Durga Puja in Kolkata

To be in Calcutta for the Durga Puja festival is an amazing experience and a photographer’s delight. Durga Puja in Kolkata is not merely an expression of faith. It is an expression of social fervor and artistic excellence.
The whole state of West Bengal goes on holiday for almost a week to celebrate the festival. The air reverberates with the sound of beating drums, people take out their best dresses and the mood and atmosphere becomes truly something to be experienced.  The city starts the preparation almost 100 days before the puja. One can even feel the happiness in the air and the face of the people.
Spectacular idols are made in Kumartuli, (= potter locality) in northern Calcutta from bamboo, straw and clay and they are displayed/worshiped in private homes and in ‘pandals’ (canopies) that present an artistic and decorative spectacle which turn the festival into the biggest outdoor art festival on earth.

Few years back, Vir Sanghvi, Editor of Hindustan Times, wrote a lovely article titled – “What 'Pujo' means to a Bengali”. I quote two lines from the same “It is nothing like Christmas; and certainly nothing like Diwali in North India. Nothing, in fact, can prepare you for the magic of Puja in Calcutta. To understand what it means, you have to be here.”

Kolkata has many faces but during Durga Puja there is no space for anything else but celebration.

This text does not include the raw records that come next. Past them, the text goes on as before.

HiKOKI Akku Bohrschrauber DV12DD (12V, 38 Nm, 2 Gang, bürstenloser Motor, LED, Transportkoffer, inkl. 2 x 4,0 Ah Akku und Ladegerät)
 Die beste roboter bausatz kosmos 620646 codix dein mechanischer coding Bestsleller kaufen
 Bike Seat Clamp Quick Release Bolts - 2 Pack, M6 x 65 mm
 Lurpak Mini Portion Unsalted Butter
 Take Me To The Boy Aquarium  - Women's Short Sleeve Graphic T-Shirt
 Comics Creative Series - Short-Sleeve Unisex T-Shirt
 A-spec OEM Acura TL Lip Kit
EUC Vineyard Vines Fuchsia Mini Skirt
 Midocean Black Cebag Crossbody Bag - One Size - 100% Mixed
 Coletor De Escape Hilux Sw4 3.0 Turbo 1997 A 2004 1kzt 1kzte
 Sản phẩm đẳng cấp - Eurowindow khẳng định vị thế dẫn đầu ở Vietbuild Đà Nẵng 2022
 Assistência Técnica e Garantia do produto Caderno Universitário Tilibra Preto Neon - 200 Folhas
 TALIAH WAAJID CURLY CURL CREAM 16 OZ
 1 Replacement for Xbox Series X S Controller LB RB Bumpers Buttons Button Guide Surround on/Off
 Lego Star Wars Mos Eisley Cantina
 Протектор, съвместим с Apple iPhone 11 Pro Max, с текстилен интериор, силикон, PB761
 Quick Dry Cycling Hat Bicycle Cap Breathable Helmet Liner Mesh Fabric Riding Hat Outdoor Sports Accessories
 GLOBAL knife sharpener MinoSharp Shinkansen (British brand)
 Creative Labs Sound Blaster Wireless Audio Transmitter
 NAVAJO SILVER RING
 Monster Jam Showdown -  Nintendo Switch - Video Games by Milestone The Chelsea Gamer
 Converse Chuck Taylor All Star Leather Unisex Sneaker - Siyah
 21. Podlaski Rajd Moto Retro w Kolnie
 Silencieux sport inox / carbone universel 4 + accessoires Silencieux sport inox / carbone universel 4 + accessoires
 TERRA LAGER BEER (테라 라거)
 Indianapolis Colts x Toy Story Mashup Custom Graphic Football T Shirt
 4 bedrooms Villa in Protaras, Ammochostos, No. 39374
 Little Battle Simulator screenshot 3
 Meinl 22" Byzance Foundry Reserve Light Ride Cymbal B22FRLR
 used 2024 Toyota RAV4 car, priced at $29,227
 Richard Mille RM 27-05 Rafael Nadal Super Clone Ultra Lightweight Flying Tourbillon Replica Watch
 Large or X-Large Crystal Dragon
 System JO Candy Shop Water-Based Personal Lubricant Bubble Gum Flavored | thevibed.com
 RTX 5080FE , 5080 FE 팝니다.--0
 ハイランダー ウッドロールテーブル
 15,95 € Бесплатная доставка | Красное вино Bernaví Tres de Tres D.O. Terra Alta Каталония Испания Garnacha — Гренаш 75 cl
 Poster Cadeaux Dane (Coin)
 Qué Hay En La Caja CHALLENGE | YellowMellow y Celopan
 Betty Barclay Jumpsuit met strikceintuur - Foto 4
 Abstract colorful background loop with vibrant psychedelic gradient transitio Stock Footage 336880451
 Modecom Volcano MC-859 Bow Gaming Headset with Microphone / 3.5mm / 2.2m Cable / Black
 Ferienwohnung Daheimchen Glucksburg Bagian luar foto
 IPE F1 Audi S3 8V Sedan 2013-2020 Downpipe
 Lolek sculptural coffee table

When and duration : This year the festival is scheduled from 1st – 5th October.2022

UNESCO Heritage status for Durga Puja festival of Kolkata:
UNESCO has inscribed Durga Puja in Kolkata on its Representative List of the Intangible Cultural Heritage of Humanity.
India’s apex cultural body, the Sangeet Natak Akademi, had nominated Kolkata’s iconic Durga Puja celebrations to be included in UNESCO’s list of Intangible Cultural Heritage (ICH), stating “Durga Puja is the best instance of the public performance of religion and art in the city. It witnesses a celebration of craftsmanship, cross-cultural transactions and cross-community revelry. Its dynamism lies in it being a constantly mutating event – in its fusion of tradition with changing tastes and popular cultures, and in the adaptation of the iconographies of Durga and the styles of her temporary abodes to cater to new regimes of art production.”.

What is Durga Puja
Durga Puja is a  estival of worshipping Goddess Durga the power of a woman, a mother and also a Warrior and destroyer of evil. She is married to God Shiva and lives with Her family of four children in Kailash mountain. She comes to earth, to visit her parents every year in the fall, when post monsoon the air is fresh and the sky is blue after the long period of rains and dark skies.
The Durga puja festival is celebrated as the homecoming of the daughter and ends with her departure to Kailash after 5 days. The last / end day of the festival is thus quite sad and people actually feel the heaviness in their heart, knowing that they have to wait for another year again.


The Godmakers
The workshops of Kumartuli — there are about 450 of them, many of them concentrated around Banamali Sarkar Street — are run by families that have been into idol-making and pottery for generations: Kumartuli means potters' quarter. During the Puja season, they hire extra hands from across Bengal because making the idols of Goddess Durga is a grand affair. Kumartuli is known to create close to 4,000 sets of Durga idols every year, some of which are shipped abroad. All this calls for a lot of work — work that demands intricacy and, very often, creativity.
The idols are made from straw and bamboo. The clay is dug from the holy river Hooghly. The entire creation process, from the collection of clay to the ornamentation, is governed by rites and traditions.
In the hand of the artists the goddess transforms from a crude structure of clay-and-hay to a beautiful, bedecked Bengali bride and reaches the countless pandals of Kolkata.
History and evolution
The festival that honours goddess Durga goes back a long time (possibly the 10th century). While originally was a purely religious event that took place in people’s homes, in the mid-eighteenth century it evolved into a colorful and extravagant festival after a special arrangement was made by a Kolkata aristocrat and businessman  Nabakrishna Deb to honour Robert Clive, the victor of the Battle of Plassey (Palashi).
Nabakrishna Deb bought Shovabazar Rajbari, a mansion, in 1757 to hold a special secular pujo for Robert Clive to attend. That 200 year old puja is still organized at the mansion by his descendants every year.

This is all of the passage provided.